This is the mail archive of the libc-alpha@sourceware.org mailing list for the glibc project.


Index Nav: [Date Index] [Subject Index] [Author Index] [Thread Index]
Message Nav: [Date Prev] [Date Next] [Thread Prev] [Thread Next]
Other format: [Raw text]

[v4][PATCH] Framework for performance benchmarking of functions


On Wed, Feb 20, 2013 at 10:10:04PM -0800, Richard Henderson wrote:
> If you're thinking in that direction, have a look at gmp's tune/speed
> program, and the rather large lengths they go through to eliminate
> overheads.

It was a fun read, but I guess it's overkill for the first iteration.
The gmp speed test just moves on to the next way to measure
(gettimeofday, times, etc.) if the clock resolution is not good
enough.  We could do something like that later, but it seems too much
for the first commit.

I've made improvements to the patch based on your suggestions and
more:

- I'm using CLOCK_PROCESS_CPUTIME_ID instead of CLOCK_MONOTONIC_RAW.

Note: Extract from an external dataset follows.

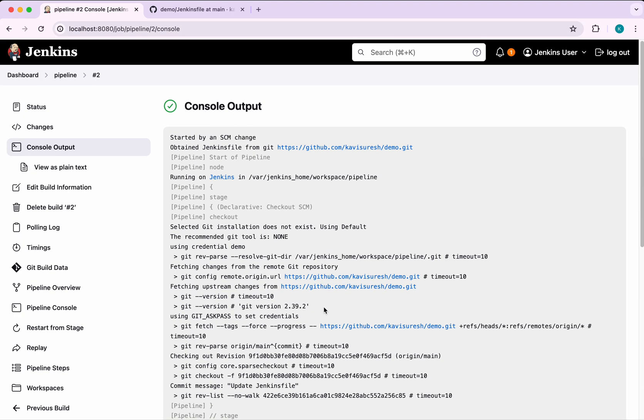In this demo we've seen how to trigger Jenkins build automatically by polling the source code management changes. If you like this demo please like, share and subscribe. Thanks for watching the demo.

- I get the minimum resolution of the clock and then do 1000 times the
  resolution to get one measurement.  This is to minimize the overhead
  of clock_gettime and also get a more accurate reading for function
  calls that have run times closer to the minimum resolution.  It's
  not perfect, but I guess it's the best simple-enough option.  I
  noticed this with the exp(42) call, which actually has a mean run
  time of less than 1 ns, but due to the frequent clock_gettime, the
  mean time is almost always bloated (albeit uniformly).  Not anymore
  in this version.

- The output now has the number of iterations and calls/ms, since the
  former can be different for different functions.  The calls/ms is
  just eyecandy bcause it looks more optimistic than call run time
  (more == better).  Eventually we could just drop it and have some
  front-end tool come up with these derived values.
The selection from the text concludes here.